Records contained in a dataset

......

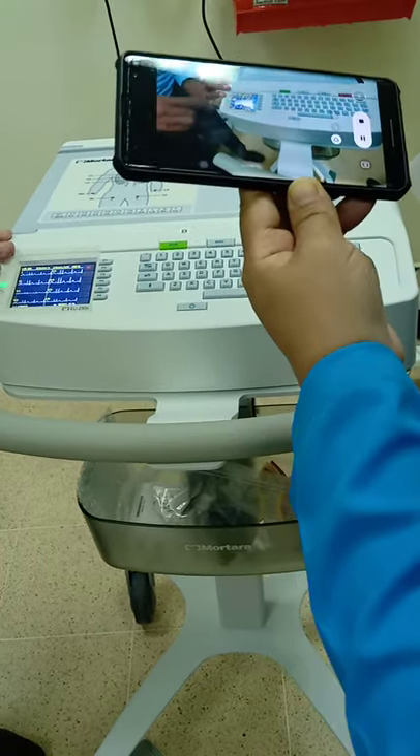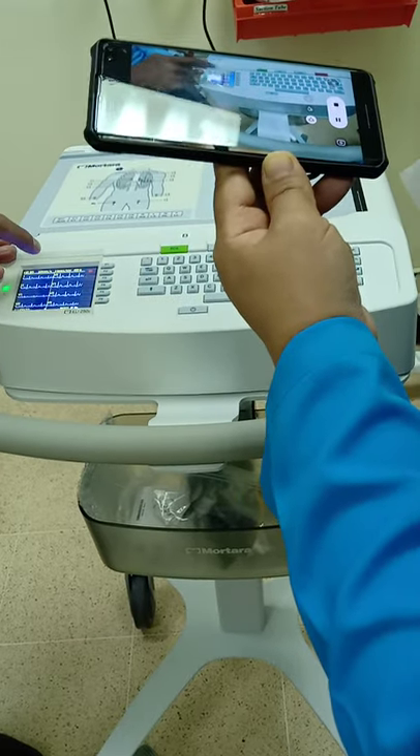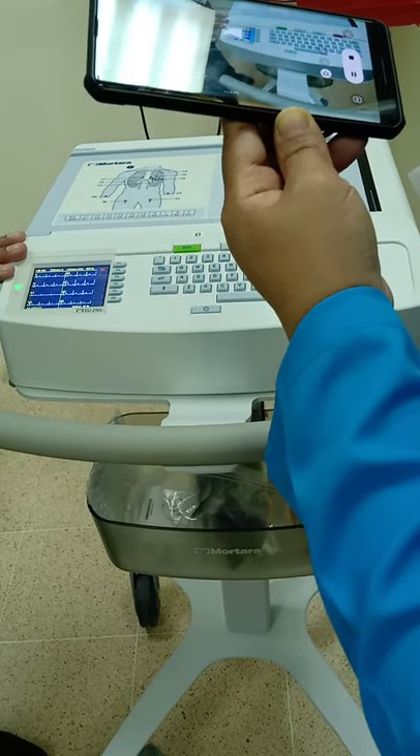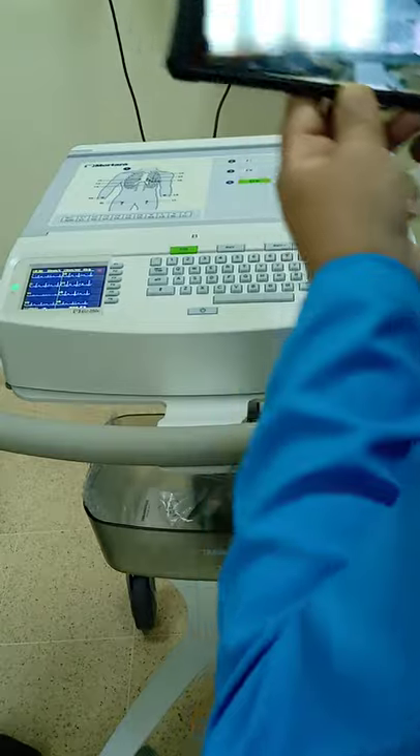If any lead is broken or not connected, you will get a message here — LA off, RI off, V1 off, like that. You can view it and print it.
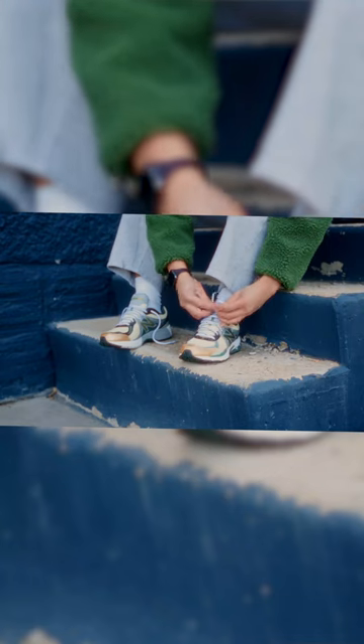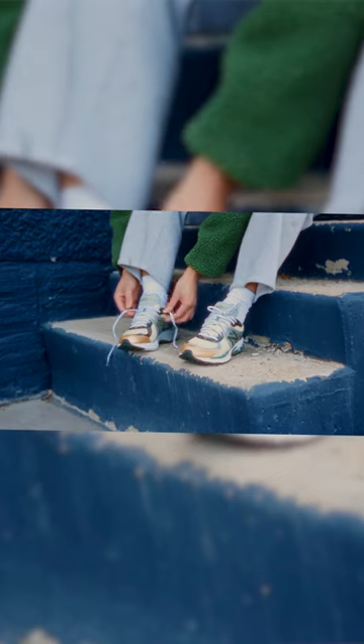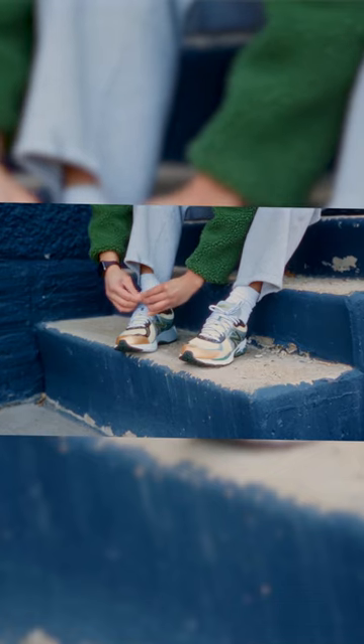The New Balance 860 V2 has a narrow toe box. I went true to size, which is a 7.5, but I think I could have upsized to an 8 and would still be okay. So I recommend going half a size up for folks with wider feet.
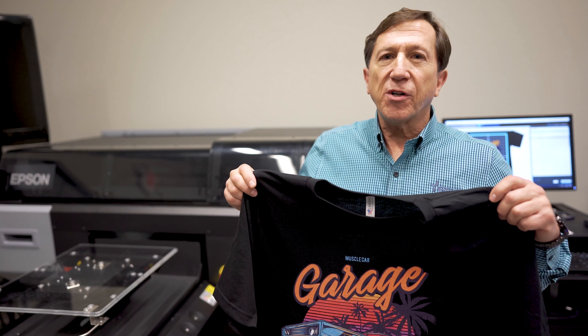For more information or if you'd like to set up a demo, please give us a call or go to our website at GoGSG.com.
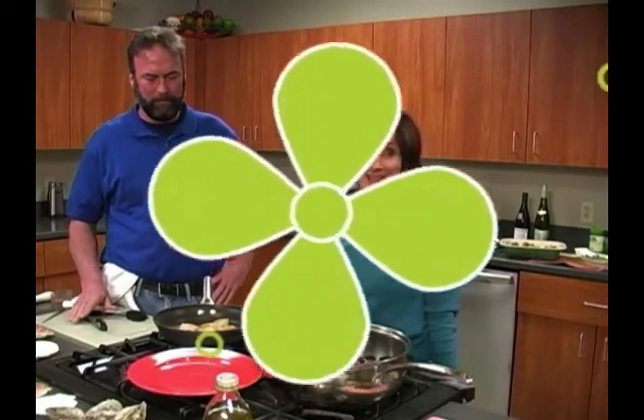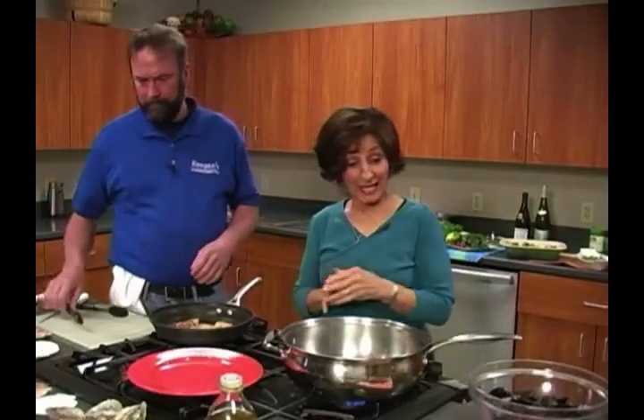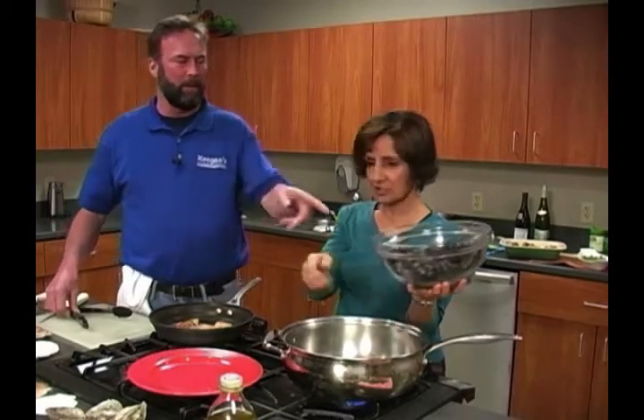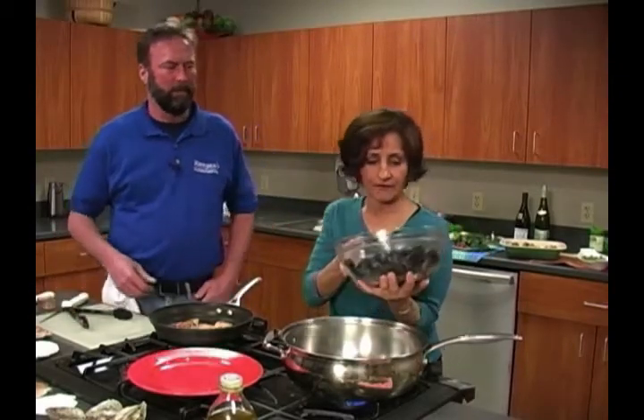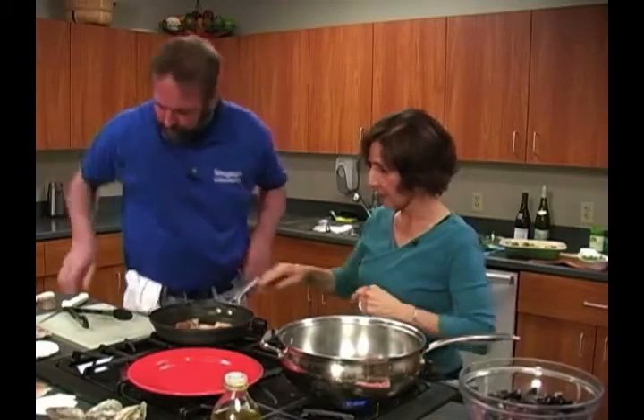We'll do the mussels next. Stay tuned because as soon as these are finished, we'll plate these up. We are back and I am going to cook the mussels. You said a tiny bit of olive oil after the pan gets hot — dry pan, a little bit of olive oil, some garlic. We're going to throw the mussels in. Do they need to be covered? No. And you just rinse those off. You can cover, but you don't have to. See if your pan's hot enough.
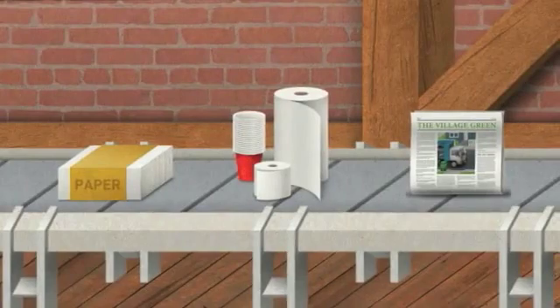Click on any of these products to learn more about how recycled paper is repurposed. Or keep moving and take a ride over to the metal smelter.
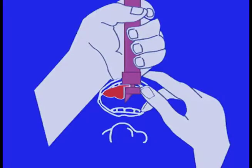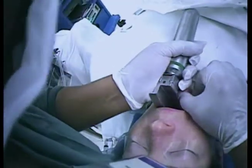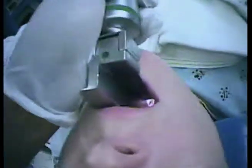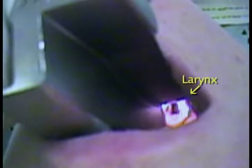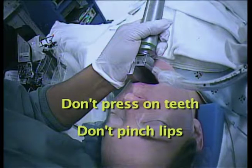As you start to slide the blade and tongue toward the left side of the mouth, slowly advance the blade until you can see the tip of the epiglottis. Lift the lower jaw upward, holding your left arm slightly bent and fairly rigid. Be careful — don't press on the teeth or pinch the lips between the blade and the teeth.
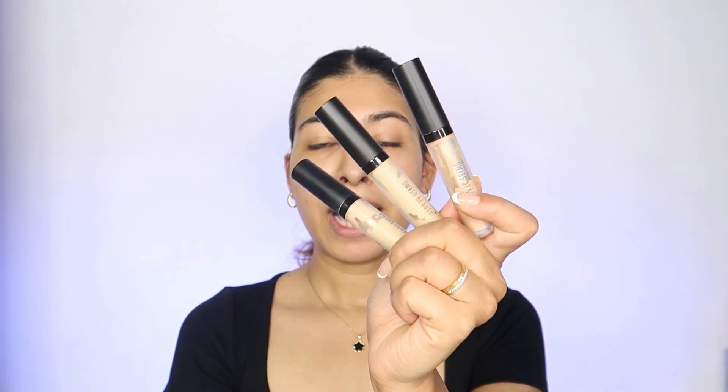Step two: color correction. When we talk about color correction, we're basically talking about cancelling discoloration around the mouth, pimple scars, and under eyes. I personally love using Swiss Beauty concealers for color correction and concealing — they've been my favorites for years and I already have a backup. First I'm using shade 04, which is close to or slightly darker than my skin tone, to cancel all the darkness.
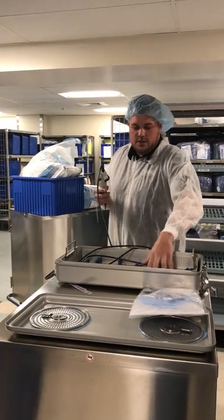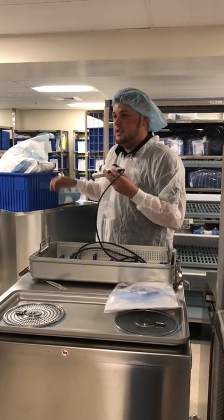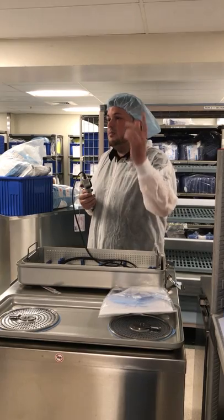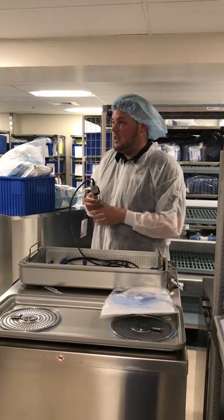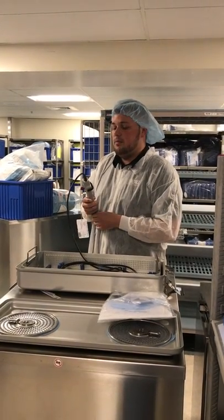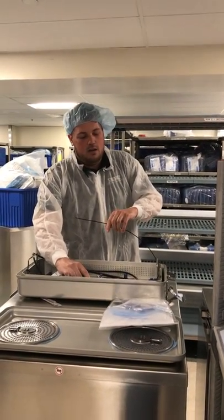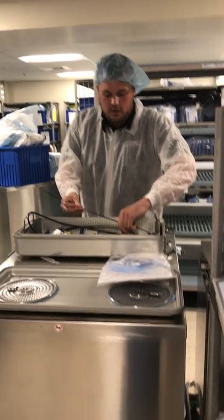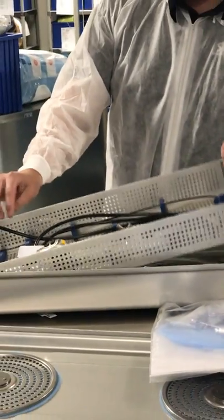We also have these new metal containers that you're going to be using for all the store's flexible scopes eventually. You have six of these on site. The first thing I want to talk about is making sure that when it comes down from the OR and you're in Decon TAM, the OR staff put it in here properly, and when you prepare for sterilization, that it's in here properly as well. Most importantly, we want to make sure the most delicate part of the scope — the shaft — is in these blue inserts.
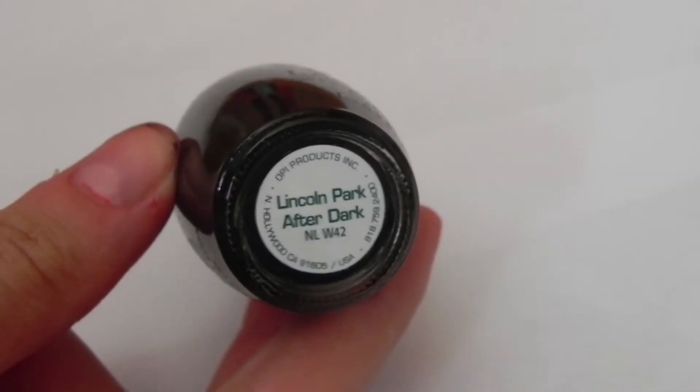Start off by painting your nails with a black polish. I'm using Linkin Park After Dark by OPI.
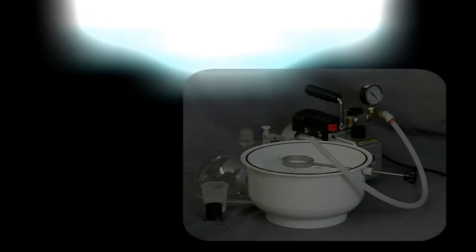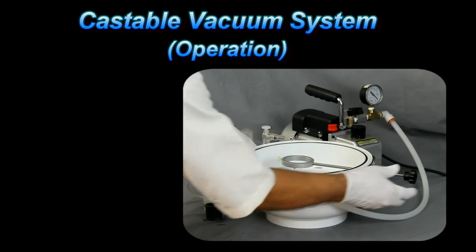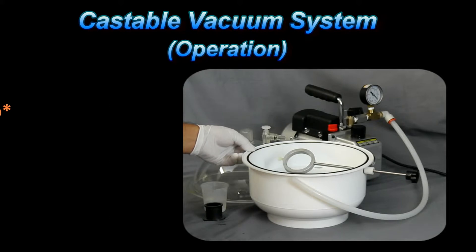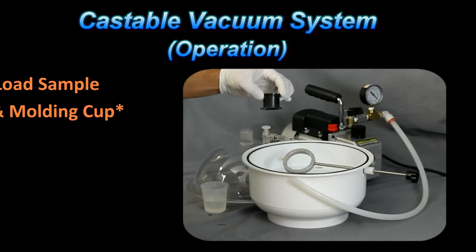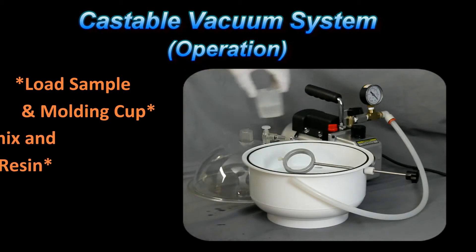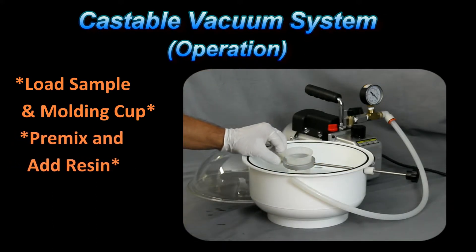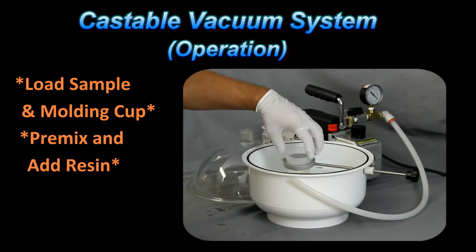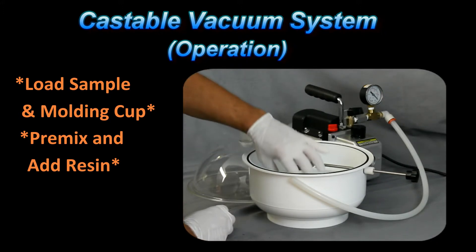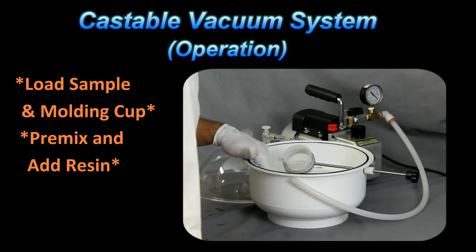Mounting with the castable vacuum mounting system: this system is set up with an adjustable arm that allows us to pour multiple samples at one time. Taking our sample and our mounting cup, we'll place that into the chamber. We'll take our pre-mixed resin, put that into the chamber, and tighten the screw down so that the resin is securely in place. We want to make sure that our molding cup is aligned so that when we're pouring, we're pouring into the cup and not all over the chamber.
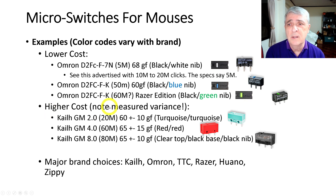On the higher-cost side, the Kale GM2 gives you 20 million clicks at 60 grams of force plus or minus 10 — so 50 to 70 grams — and has a turquoise color scheme. Their Model 4.0 is rated at 60 million clicks with 65 grams of force plus or minus 15, meaning 50 to 80 grams — quite a variance — and that's the red version. Then there's the Kale 8 at 80 million clicks, 65 grams plus or minus, with a clear top and black nib and base.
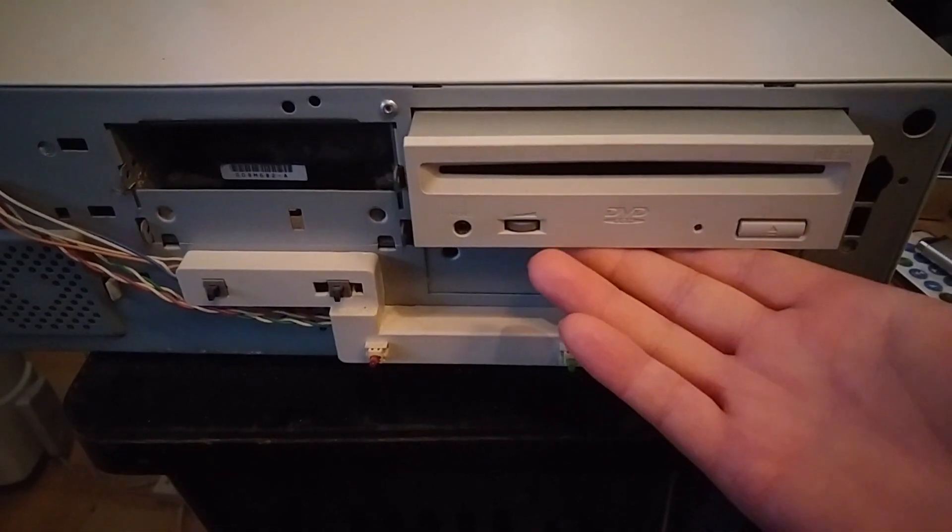I've pulled the dusty hard drive out - it's a Fujitsu M1623. That'll be a 1.7 gigabyte drive. And look at that date code - 1996! So this system has some parts that were a bit older than '99.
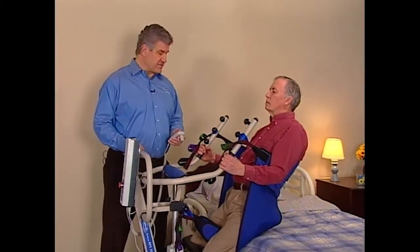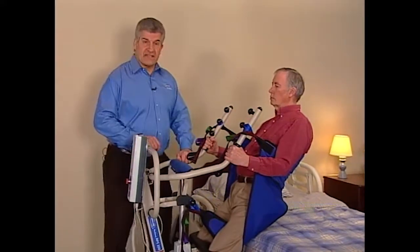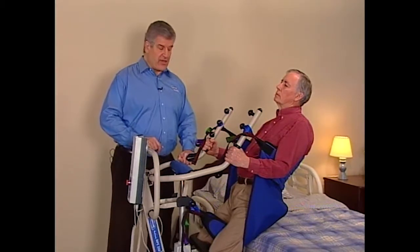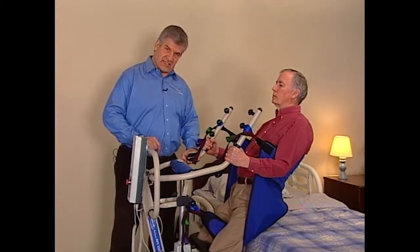Invacare's Transport and Transfer Stand Assist Slings are designed to work with Invacare Stand Up Lifts. They are designed to transfer residents who can only bear a minimal amount of weight in a seated position. They hook under the patient's legs and support the torso. Always check with the physician before selecting a sling.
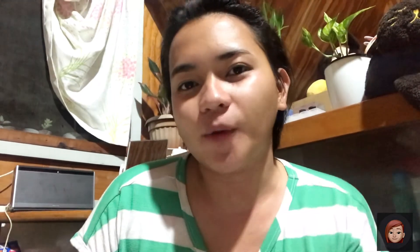So, that's it guys. Watch out for the morning ritual. Bye! Thank you for watching. Don't forget to like and subscribe to my YouTube channel. Bye!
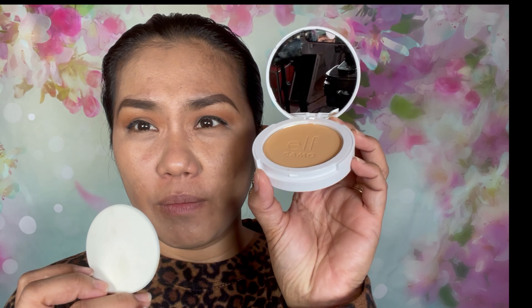I'm just going to use the sponge that comes with the powder. Let's do this. It's too dark — I don't know how to use a powder foundation. It's too dark on my skin. Let me try just a little bit here... just right.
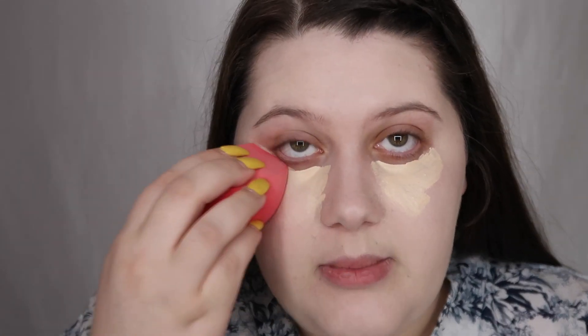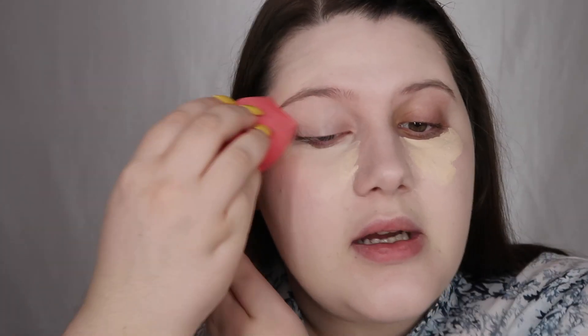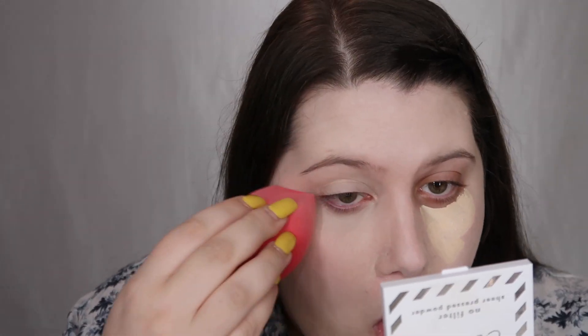Let's blend this out. I'm also going to take this onto my eyelid as an eyeshadow primer. I'm probably not going to wear eyeshadow. I'd say it's decent coverage — I don't think it's full, but maybe after I let this sit it'll get more full coverage. I'm going to go ahead and set it.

......

What is being asked – No pictures should appear in the copy. Print exactly the lines above from the line containing "On the higher-cost" through the last line of the data.

Result –
On the higher-cost side, the Kale GM2 gives you 20 million clicks at 60 grams of force plus or minus 10 — so 50 to 70 grams — and has a turquoise color scheme. Their Model 4.0 is rated at 60 million clicks with 65 grams of force plus or minus 15, meaning 50 to 80 grams — quite a variance — and that's the red version. Then there's the Kale 8 at 80 million clicks, 65 grams plus or minus, with a clear top and black nib and base.
I've pulled the dusty hard drive out - it's a Fujitsu M1623. That'll be a 1.7 gigabyte drive. And look at that date code - 1996! So this system has some parts that were a bit older than '99.
Invacare's Transport and Transfer Stand Assist Slings are designed to work with Invacare Stand Up Lifts. They are designed to transfer residents who can only bear a minimal amount of weight in a seated position. They hook under the patient's legs and support the torso. Always check with the physician before selecting a sling.
So, that's it guys. Watch out for the morning ritual. Bye! Thank you for watching. Don't forget to like and subscribe to my YouTube channel. Bye!
I'm just going to use the sponge that comes with the powder. Let's do this. It's too dark — I don't know how to use a powder foundation. It's too dark on my skin. Let me try just a little bit here... just right.
Let's blend this out. I'm also going to take this onto my eyelid as an eyeshadow primer. I'm probably not going to wear eyeshadow. I'd say it's decent coverage — I don't think it's full, but maybe after I let this sit it'll get more full coverage. I'm going to go ahead and set it.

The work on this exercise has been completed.